The line with "Hi, I'm Miss" through the last line of the entries: give these again exactly, and only these, without any pictures.

__________

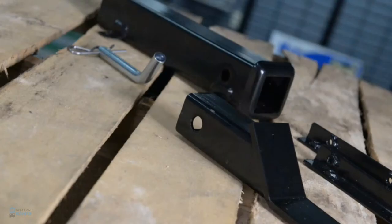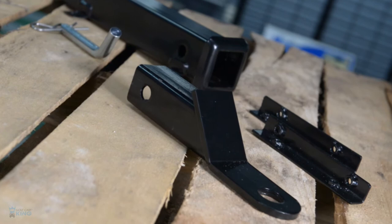Golf Cart King's receiver hitch will allow you to attach and haul more with your cart than ever before. With Golf Cart King's superior construction and attention to detail, you'll be sure to feel confident about your purchase for many years to come.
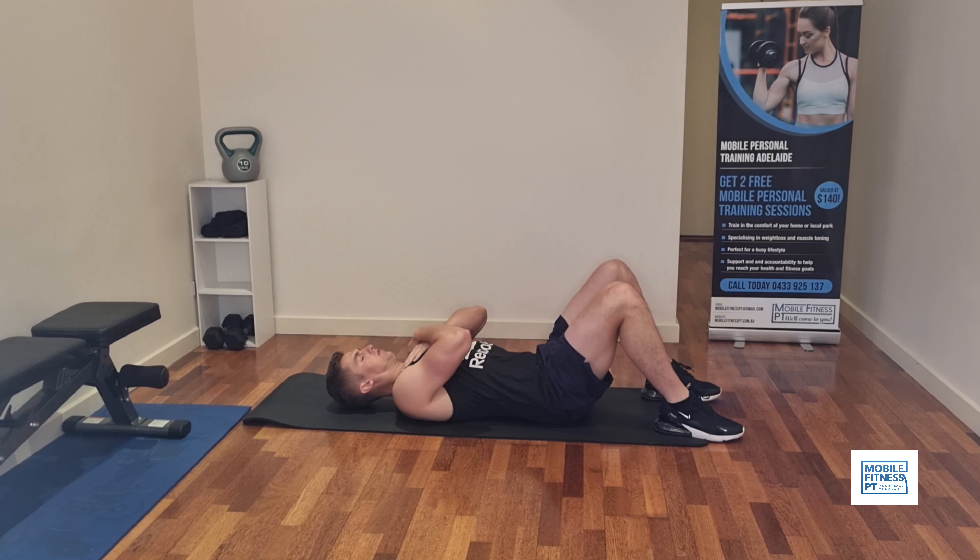Welcome back everyone. Today we're going through 10 ab exercises you can do at home — you don't need any equipment. We're going to focus on your whole core, so we're going to work the top of your stomach, bottom of your stomach, your obliques, and your lower back as well. You can pick and choose from these 10 exercises and add them into one of your workouts, or you can do all 10. Try to do three rounds of everything and do 10 to 20 reps of each exercise. Let me know in the comments how you go.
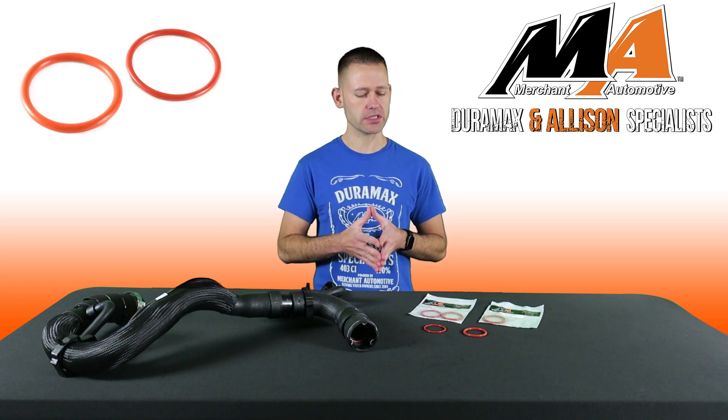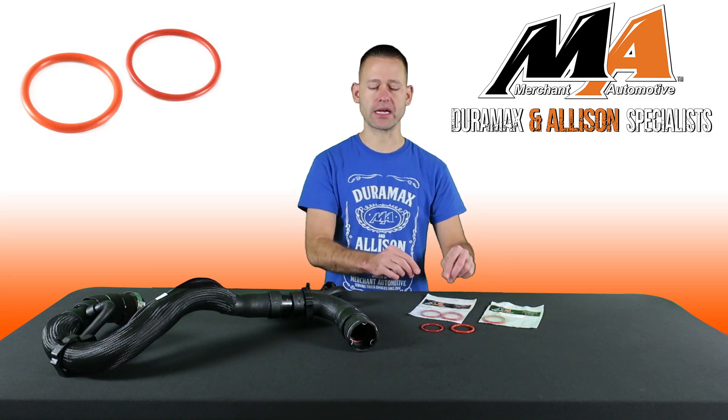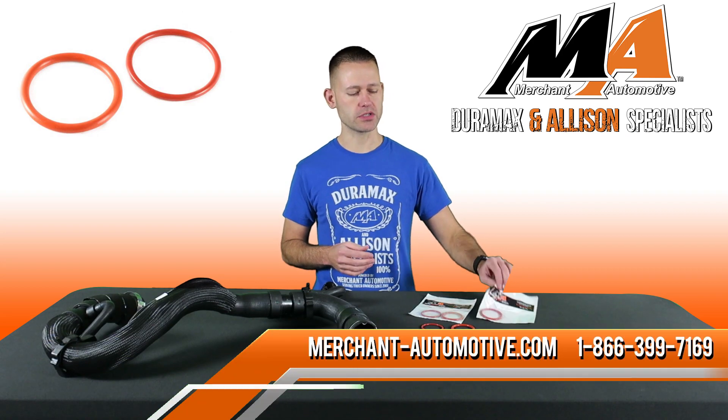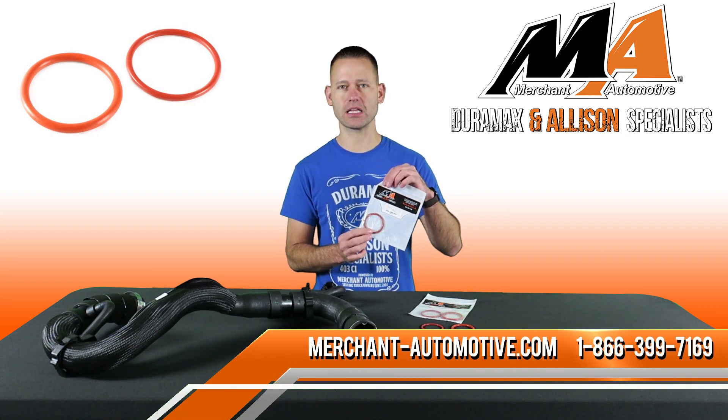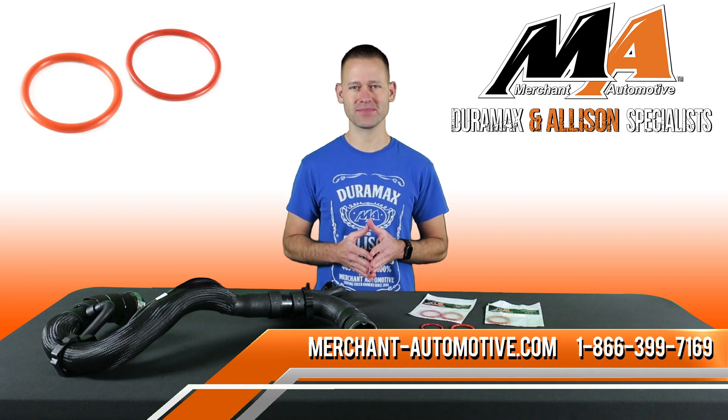We have replacements for the 2006 to 2010 LBZ and LMM, and two different sizes may have been used at the factory so we include both to make sure you get the correct one. We also have one for the 2011 to 2016 LML. Get yours today on our website or give us a call anytime. Thanks for watching.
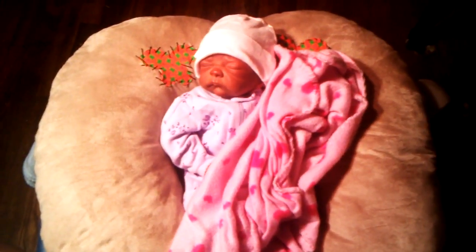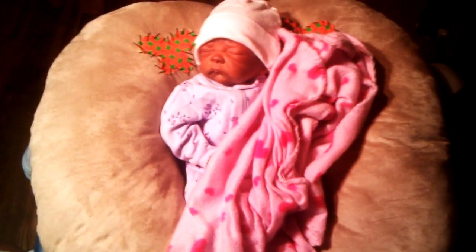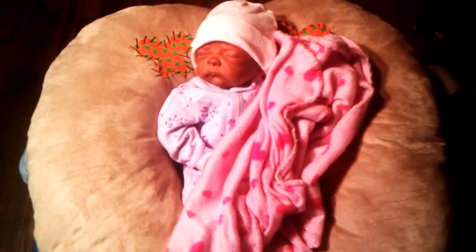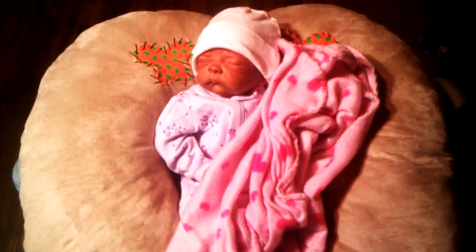Hi guys, this is me, and I wanted to show you guys the boppy that I made. I didn't want to pay $20 to $30 to buy one, so I just made one. And it was actually pretty easy. I just wanted to show it to you guys because I'm very excited about it.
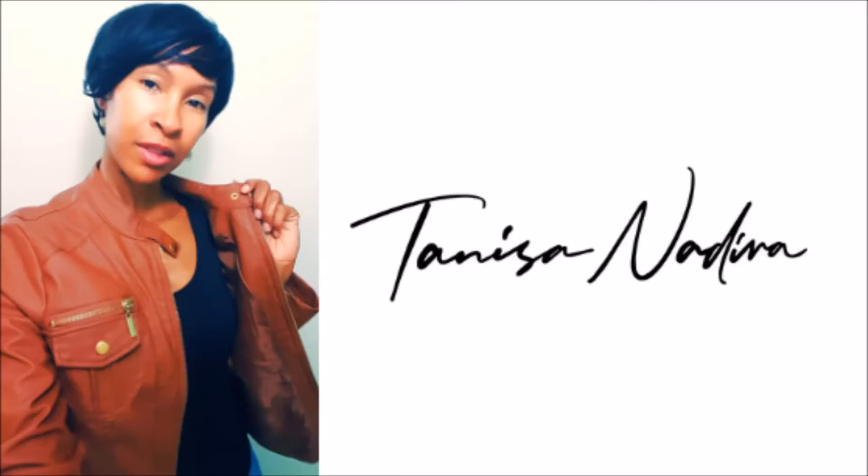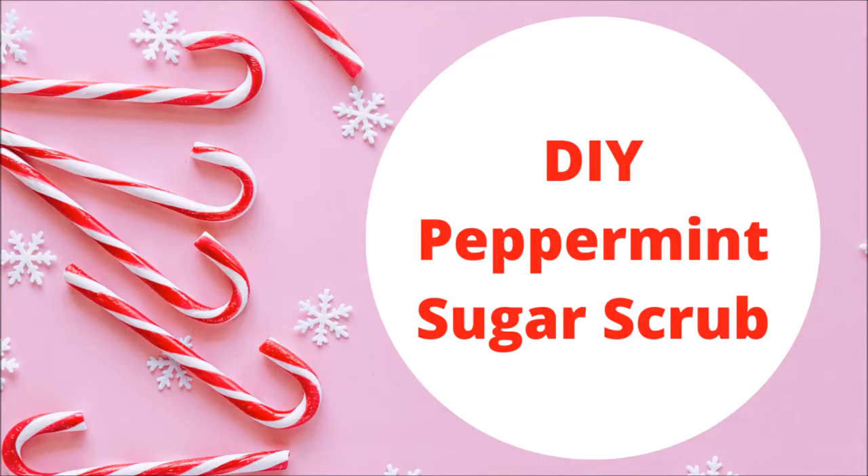I hope I did this right. I got off Pinterest, but I'm going to use it anyway. Welcome back to another Vlogmas video, and today I'm going to do a DIY peppermint sugar scrub that's perfect for the holidays, so stick around. Let me show you how to make it.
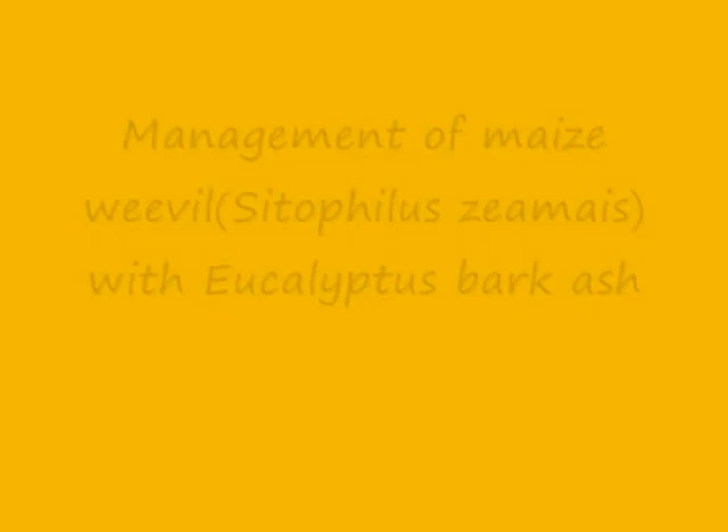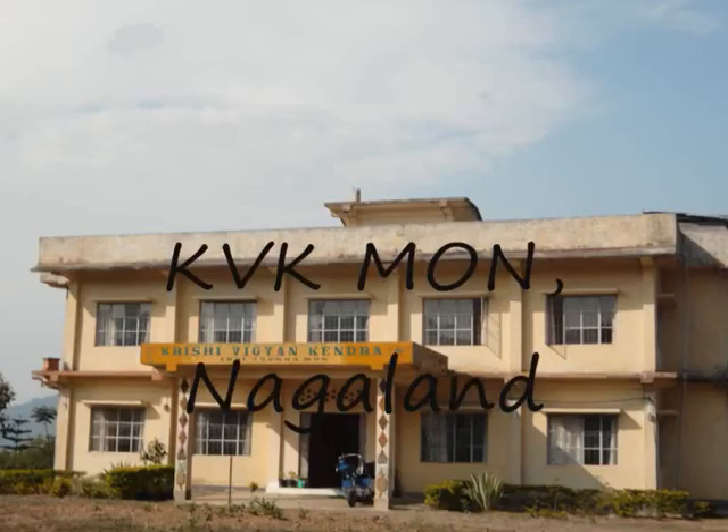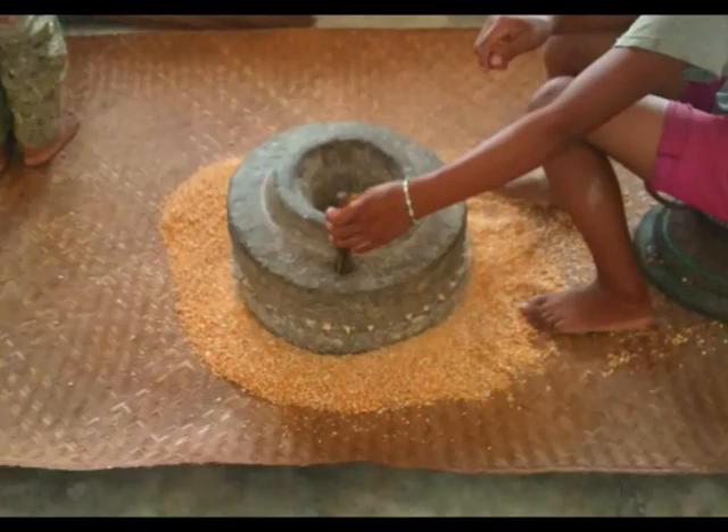Hello, dear farmer friends. My name is Martha Chakruno. I am working as subject matter specialist in plant protection at Krishi Vigyan Kendra Mon, Nagaland. I would like to brief about management of maize weevil with eucalyptus bark ash. This is a proven technology adopted by KVK Mon. Maize is one of the staple foods for the people of Mon district in Nagaland.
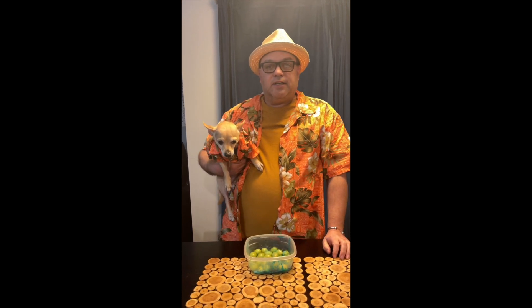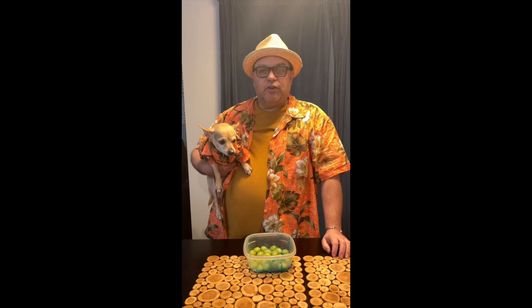Aloha! Welcome to Chappie's Tiki Bar. I'm Chappie and this is Mookie. Today we're doing something a little different — we're just gonna make a healthy snack. I saw this on Dr. Oz.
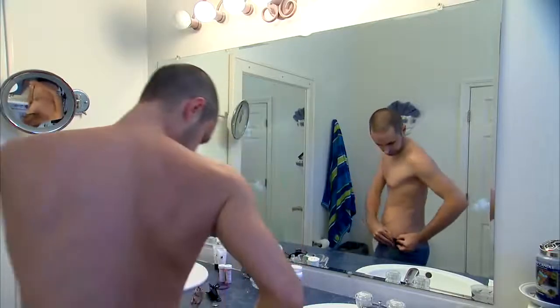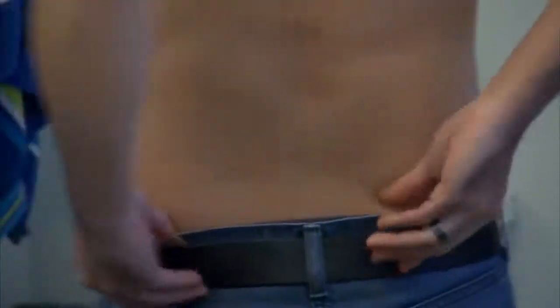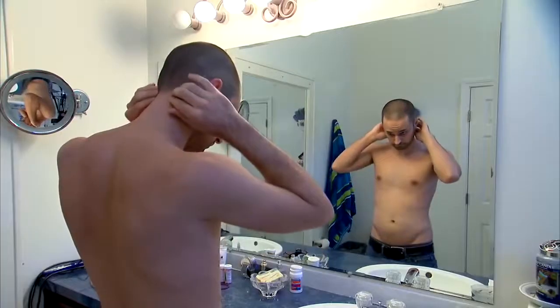Start by checking around the waistband carefully. Next, raise your arms up and check in your armpits and the back of your arms too. Remember to run your fingers along your hairline, feeling for any slightly raised bumps. And then you're done.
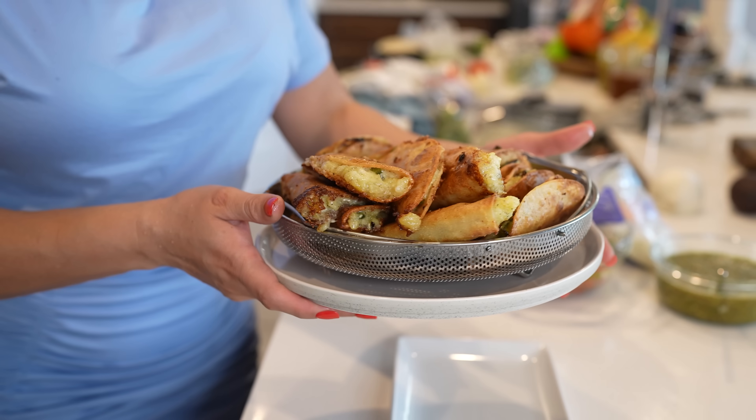Hi guys, welcome back to my channel. Today I'm going to share with you how to make my favorite tacos de papa. In case you guys want to know how to make this super easy and delicious recipe, stay tuned and I'll show you how.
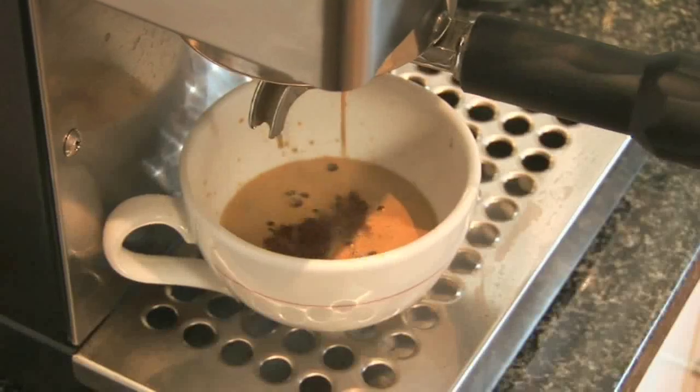How to make a cafe latte. Hello and welcome to Videojug. Top UK barista Robert Henry is going to show you how to make the perfect cafe latte.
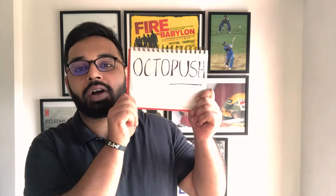Today, I'm going to talk to you guys about the sport of hockey. No, not just regular hockey. I'm talking about hockey that is being played underwater. Yeah, you heard me right. I'm talking about the sport of Octopus.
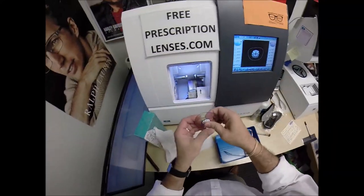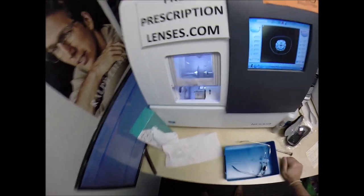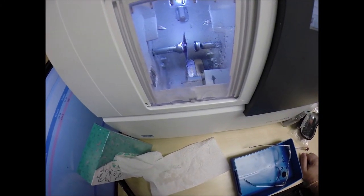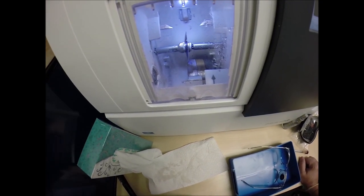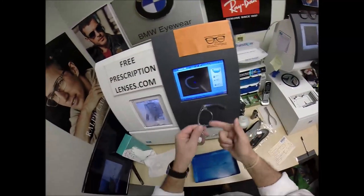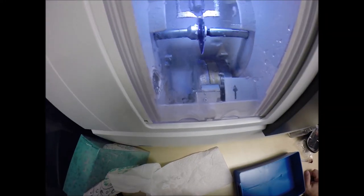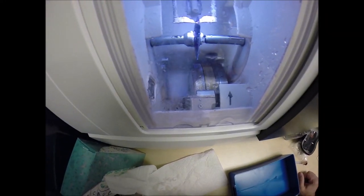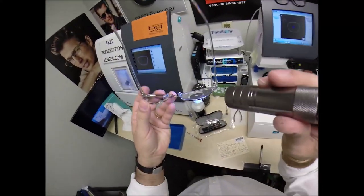Now let's go ahead and start cutting the left lens. Press that on there firmly and hit start. The door closes, the clamp shuts. Just like before, the lens will be traced by two white styluses, making sure it's large enough to fit into the left side of the frame — and then measure twice, cut once, knowing where to place the bevel for the best cosmetic look possible.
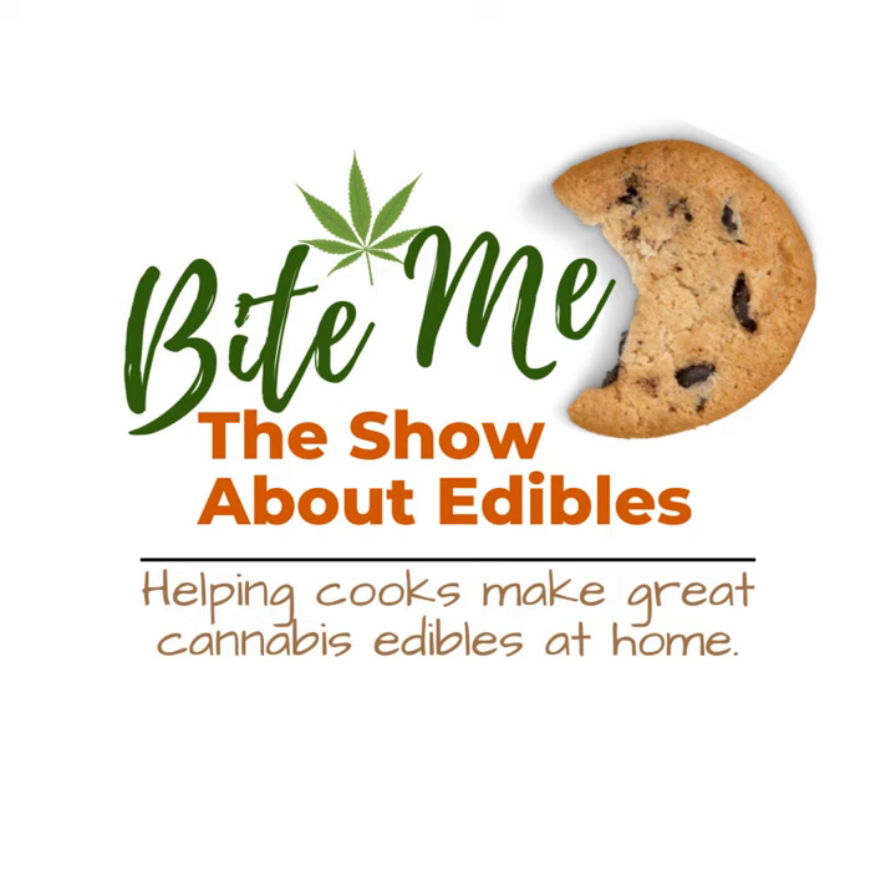Introducing the Bite Me Cannabis Club. The Bite Me Cannabis Club aims to be an inclusive online space for cannabis lovers. Whether you're simply curious about how cannabis can improve your life or you're fully seasoned, there's always more to learn.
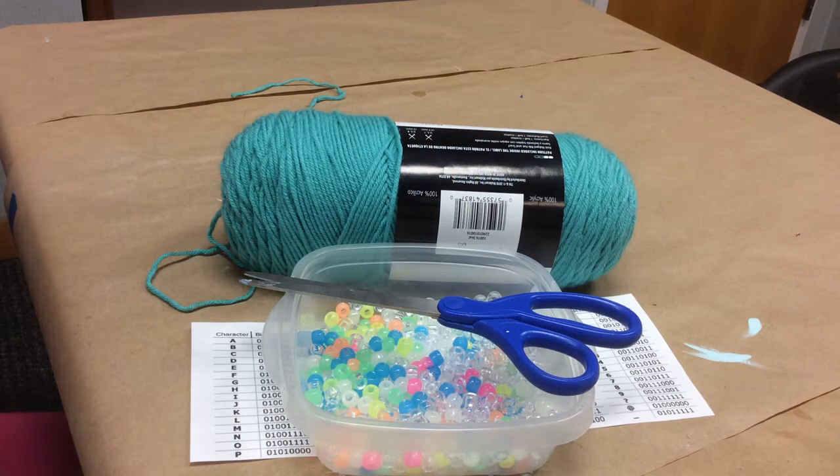Hi, I'm Miss Haley with the Huntsville Madison County Public Library and for today's craft I'm going to show you how to make a simple necklace that represents your name in binary code. So this is a binary code necklace.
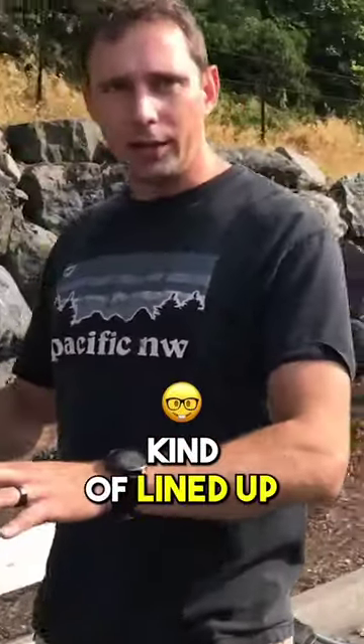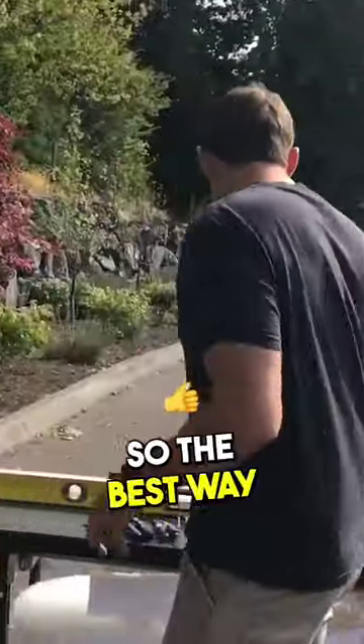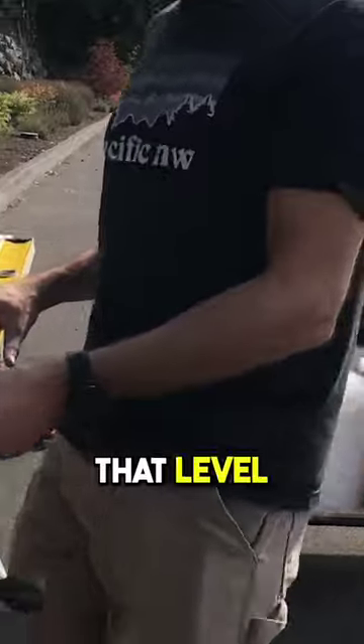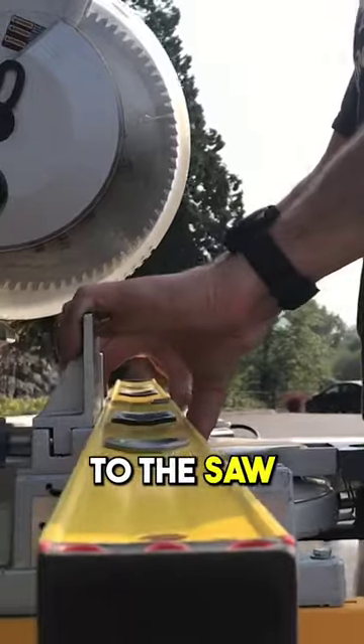What we want to do is get everything kind of lined up and straight for how we want it before we tighten anything down. The best way to do this is using a level or other straight edge. You want to take that level and put it across the back of the saw like this, nice and tight to the saw.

__________

WRITTEN SOLUTION:
Hi, I'm Miss Haley with the Huntsville Madison County Public Library and for today's craft I'm going to show you how to make a simple necklace that represents your name in binary code. So this is a binary code necklace.
What we want to do is get everything kind of lined up and straight for how we want it before we tighten anything down. The best way to do this is using a level or other straight edge. You want to take that level and put it across the back of the saw like this, nice and tight to the saw.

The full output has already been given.